Exercise brief: Could you copy word for word only the lines between the one containing "EUROSTAR EH441R 2-Speed" and the end of the listing below, both included, and leave out the pictures?

Data:
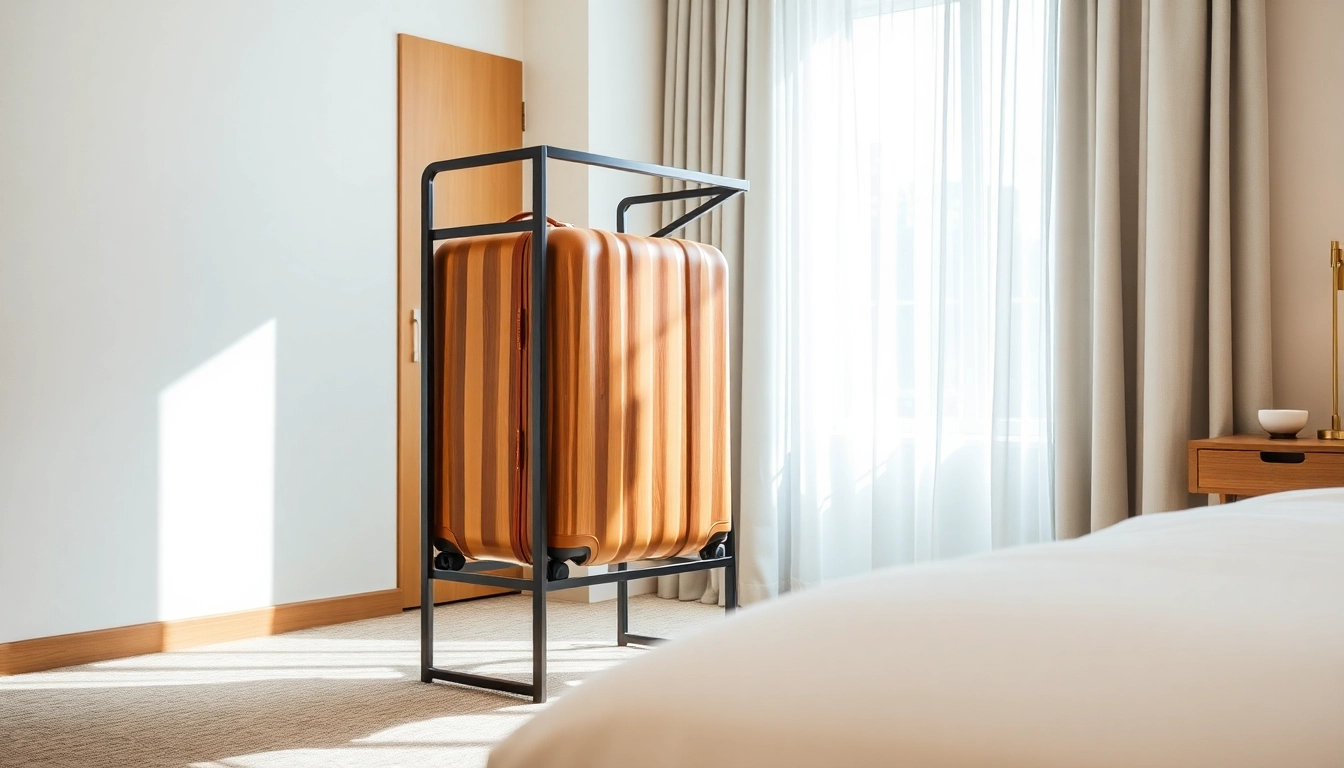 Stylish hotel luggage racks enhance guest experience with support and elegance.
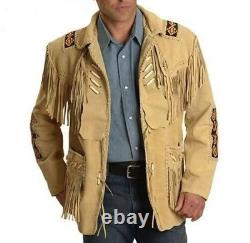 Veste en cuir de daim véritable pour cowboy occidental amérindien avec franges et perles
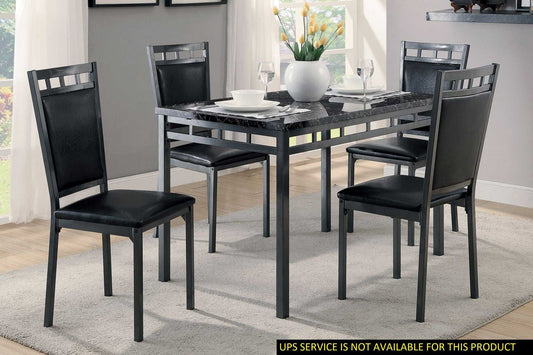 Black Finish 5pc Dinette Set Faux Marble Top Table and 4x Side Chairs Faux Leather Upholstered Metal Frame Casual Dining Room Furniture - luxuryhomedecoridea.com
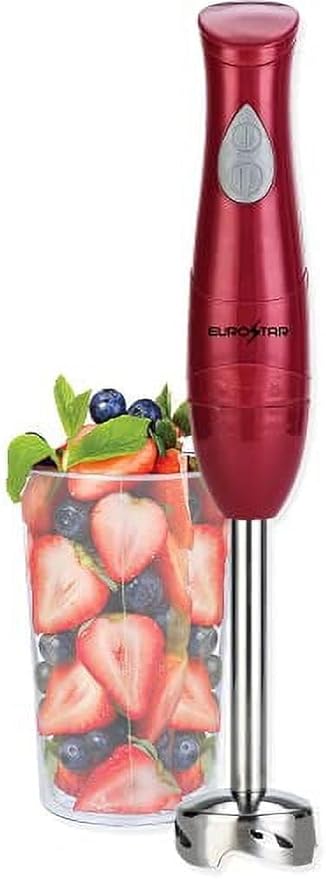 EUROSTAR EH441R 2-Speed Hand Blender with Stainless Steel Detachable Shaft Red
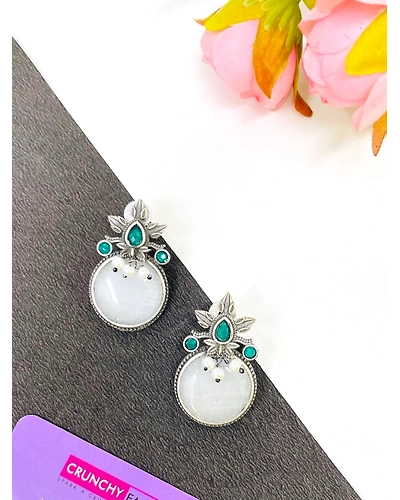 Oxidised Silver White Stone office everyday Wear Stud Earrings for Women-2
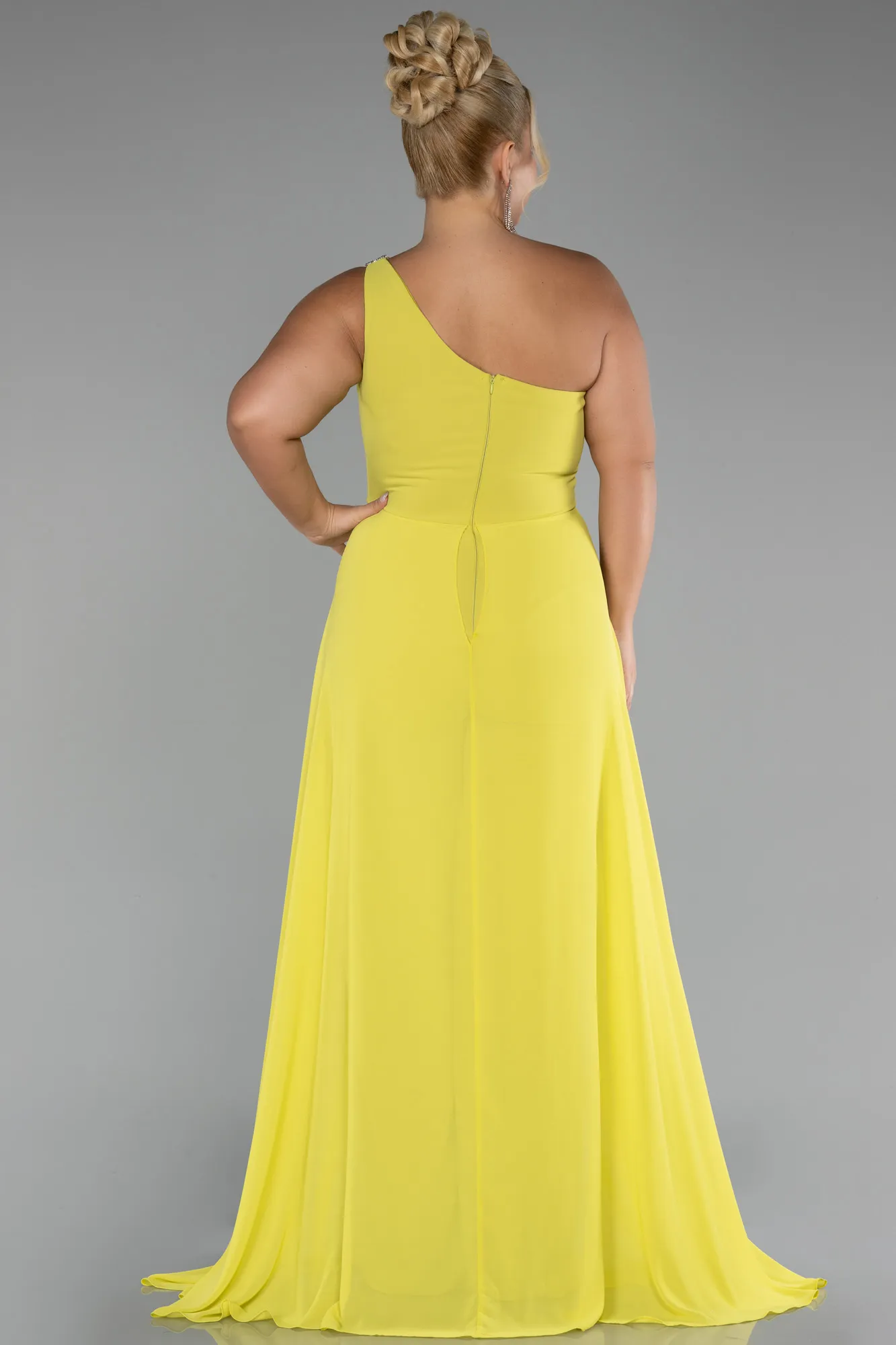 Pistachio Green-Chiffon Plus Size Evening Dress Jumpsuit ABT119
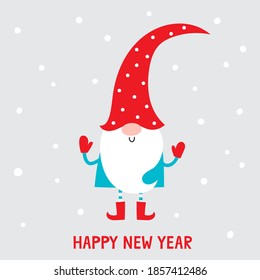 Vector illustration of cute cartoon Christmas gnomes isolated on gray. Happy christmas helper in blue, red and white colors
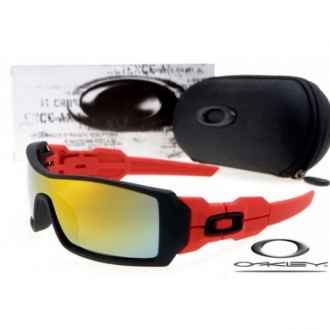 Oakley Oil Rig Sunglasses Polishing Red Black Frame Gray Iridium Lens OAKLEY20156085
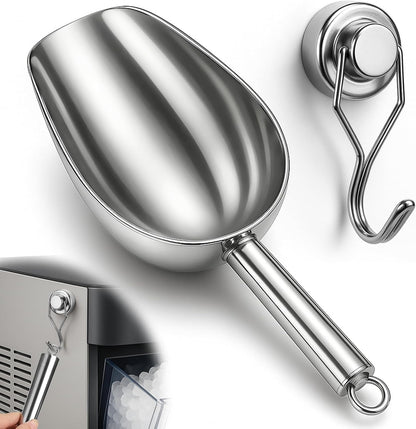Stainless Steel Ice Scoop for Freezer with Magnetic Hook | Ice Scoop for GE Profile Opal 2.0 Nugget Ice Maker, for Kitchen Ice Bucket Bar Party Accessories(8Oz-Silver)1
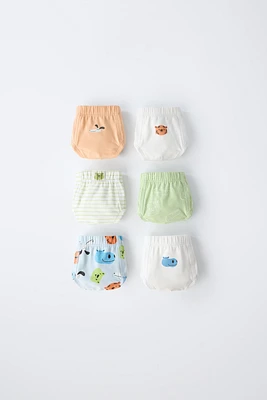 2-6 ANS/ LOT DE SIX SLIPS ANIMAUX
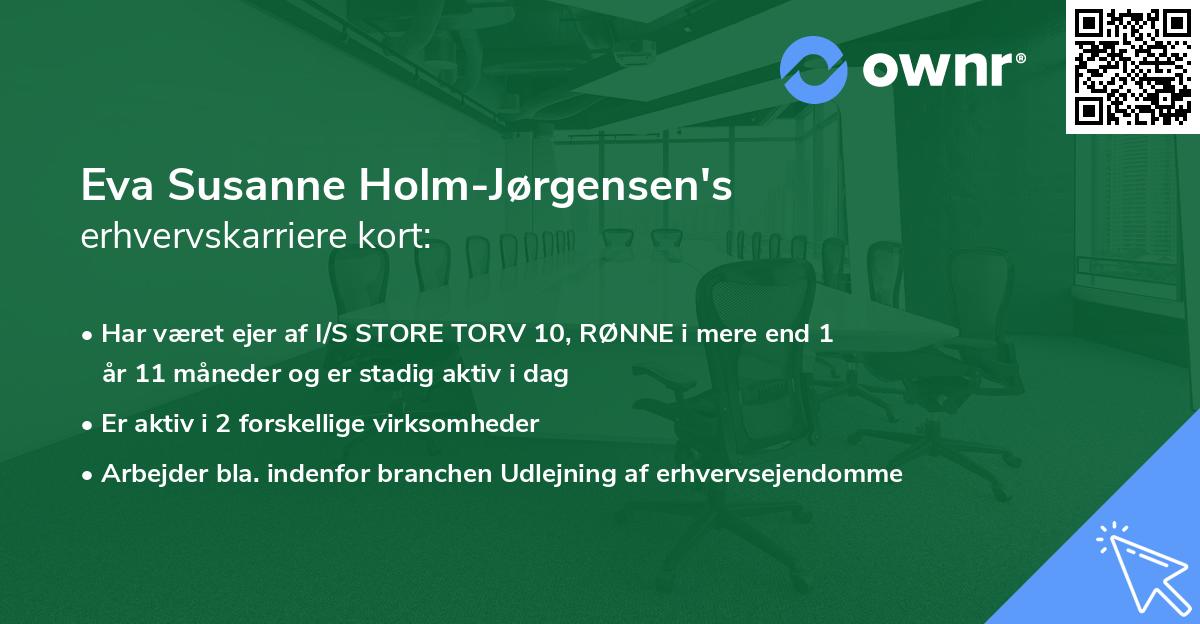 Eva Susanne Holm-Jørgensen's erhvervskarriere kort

Response below:
 EUROSTAR EH441R 2-Speed Hand Blender with Stainless Steel Detachable Shaft Red
 Oxidised Silver White Stone office everyday Wear Stud Earrings for Women-2
 Pistachio Green-Chiffon Plus Size Evening Dress Jumpsuit ABT119
 Vector illustration of cute cartoon Christmas gnomes isolated on gray. Happy christmas helper in blue, red and white colors
 Oakley Oil Rig Sunglasses Polishing Red Black Frame Gray Iridium Lens OAKLEY20156085
Stainless Steel Ice Scoop for Freezer with Magnetic Hook | Ice Scoop for GE Profile Opal 2.0 Nugget Ice Maker, for Kitchen Ice Bucket Bar Party Accessories(8Oz-Silver)1
 2-6 ANS/ LOT DE SIX SLIPS ANIMAUX
 Eva Susanne Holm-Jørgensen's erhvervskarriere kort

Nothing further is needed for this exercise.